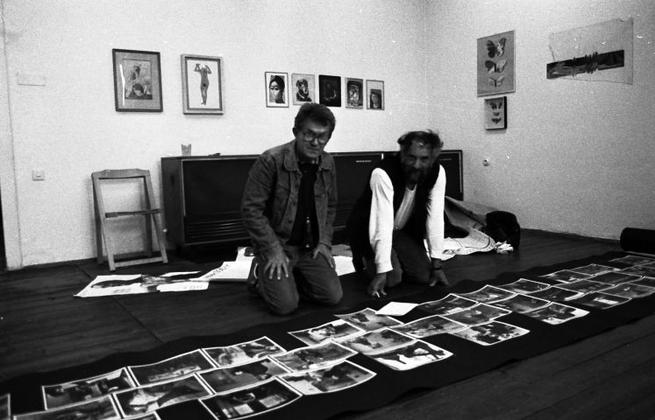 Mezi světlem a tmou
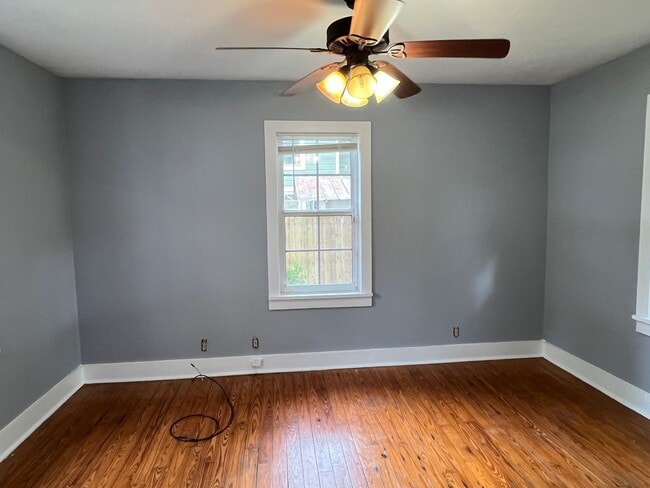 Building Photo - Cute, vintage 3 Bedroom, 1.5 Bathroom home...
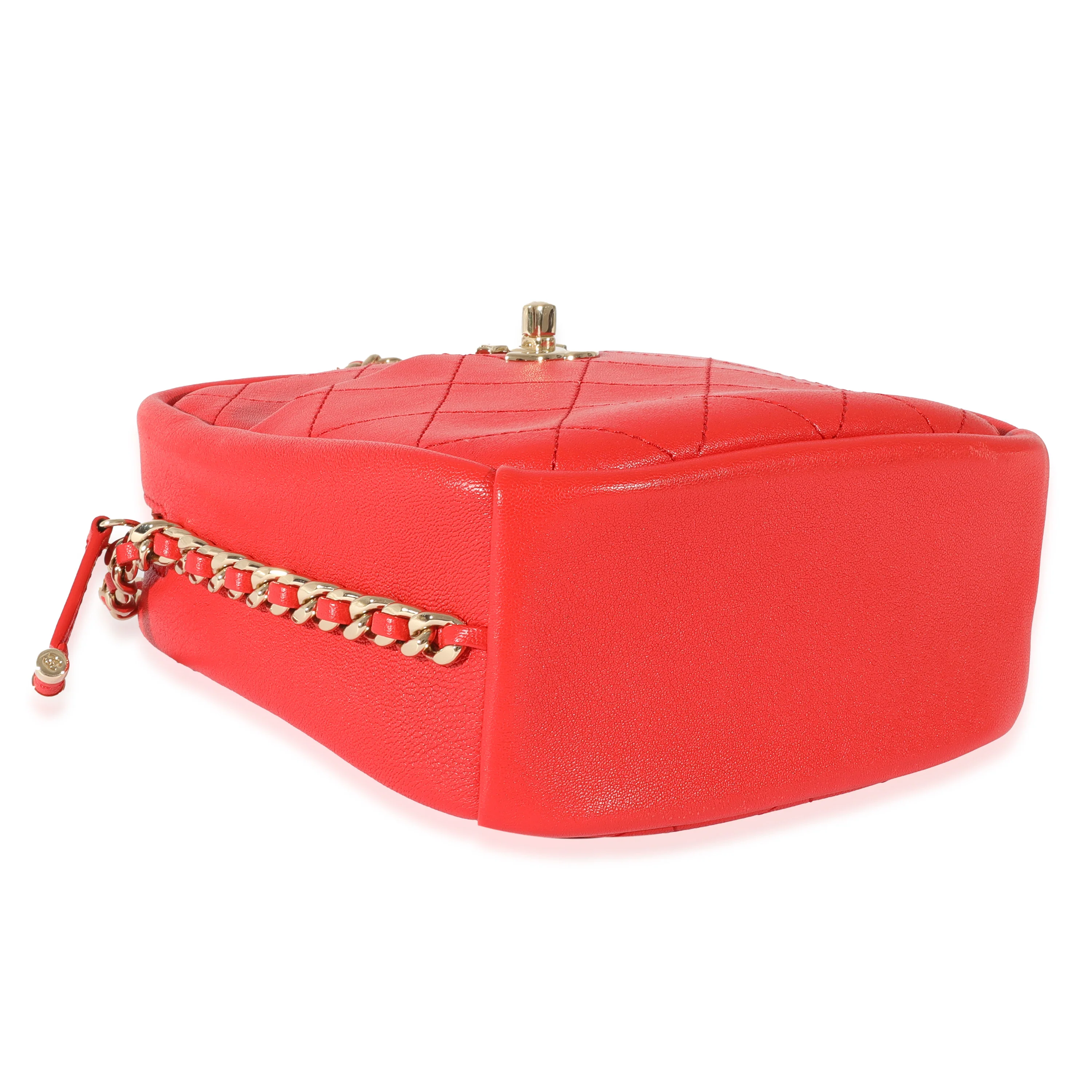 Chanel Casual Red Leather Trip North South Camera Case - Image 4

Exercise:
Output all of the data exactly. Skip the pictures.

Task solution:
 Mezi světlem a tmou
 Building Photo - Cute, vintage 3 Bedroom, 1.5 Bathroom home...
 Chanel Casual Red Leather Trip North South Camera Case - Image 4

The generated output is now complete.